OKTAY EROL
Bu “olgu”, gelişmekte olan ülkelerin bir hastalığı! “İnsan” odaklı kararlar almak yerine, “ben” çıkarlı/ koltuk korumayı amaçlayan çalışmalar önde tutuldu! Yönetenlerin, yurttaşın kaygılarına yönelik “sözleri” hiçbir anlam taşımadı! Yaşanan sorunların “temel noktası” kendi beceriksizlikleri, umursamazlıkları olmalarına karşın, “bedel” ödetilen/ yaşam alanı daraltılan/ alım gücü azaltılan/ açlıkla sınanan “hep” yurttaş oldu!
Yılbaşında binaltıyüz ekmeklik ekonomik gücü olan emekli, seçimin sonrasında ekmek fiyatlarında oluşan zam nedeniyle bin ekmeğe düşmüştü! Aylardır süren, her kezinde “emekliyi enflasyon altında ezdirmeyeceğiz, iyileştirme çalışmamalarımız sürüyor” diyen “iktidar”, son günlerde/ bırakın yakın zamanda her hangi bir “iyileştirme” istediklerini, emekliye “gün göstermek” gibi bir çabalarının olmadığını gördük!
***
Tüm siyasi partilerde bir “yerel seçim” karmaşası yaşanıyor! Bir yandan “iktidar”, bir yandan “muhalefet” yurttaşın kaygılarını kulak vermişler, “iyi” yaşamaları için kararlar almışlar, yurttaşın sorunu beş ay sonra gerçekleşecek belediye başkanı seçimi gibi, “kazanacak aday” aramaya odaklanmış! Başka da düşündükleri yok!

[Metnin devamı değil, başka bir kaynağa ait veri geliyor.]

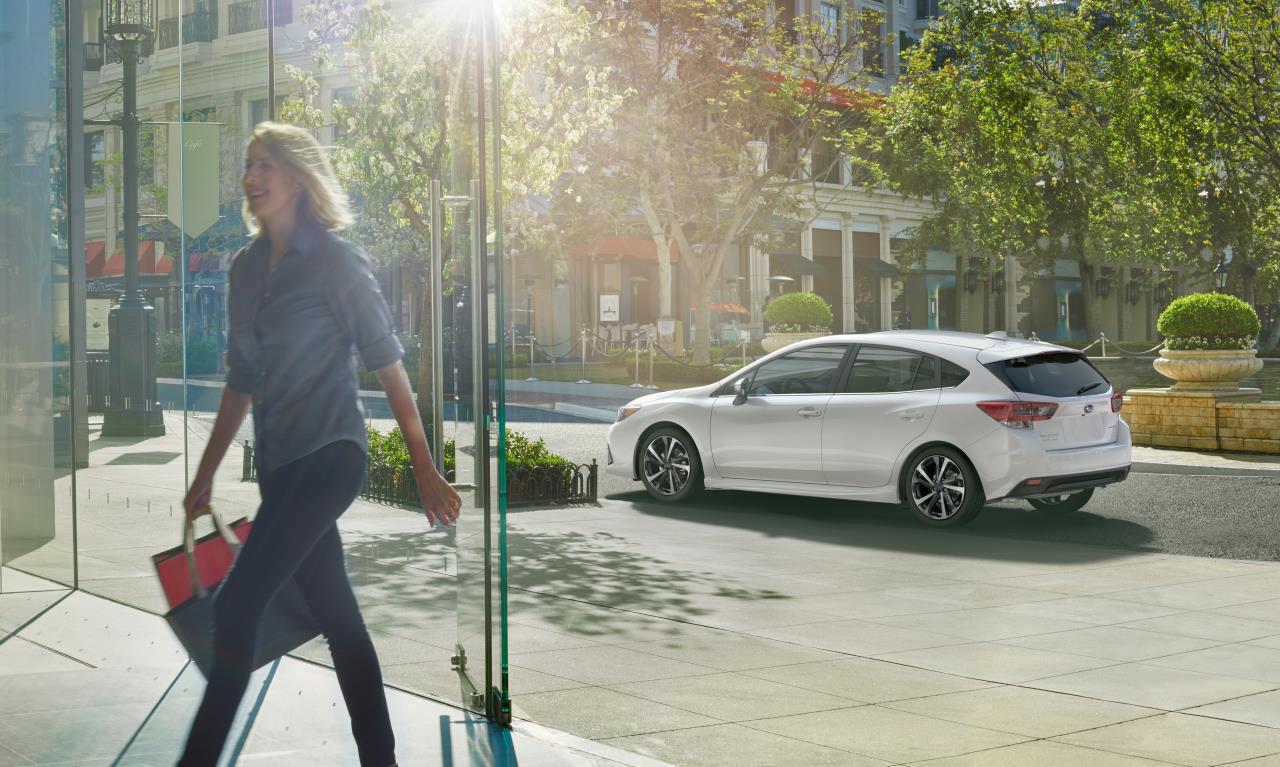 un femme rentrant dans un immeuble et la Subaru Impreza 2020 stationné à l'extérieur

Yerel seçimlerin, “seçmenin” gözünde bir öneminin olması için, “birinin” kendi sorunlarına/ kaygılarına eğilimini/ yaklaşımını görmesi gerek! “İktidar” ya da “muhalefet”, hangisini ele alırsanız alın, kocaman boşluklar görüyorsunuz! Kocaman “ilgisizlik/ umursamazlık” görüyorsunuz!
***
Birkaç gün önce, yaşam koşulları “anlatılmayacak” zorluklar içinde olan “emeklilerin”, DİSK tarafından gerçekleştirilen buluşması vardı! “İktidarın” buluşmaya ilgi göstermeyeceğini anlayalım, ancak alanda olmayışlarını düşününce “muhalefetin” her fırsatta yaptığı açıklamaların “emekli çığırtkanlığı” olduğunu anlamamak olanaksız!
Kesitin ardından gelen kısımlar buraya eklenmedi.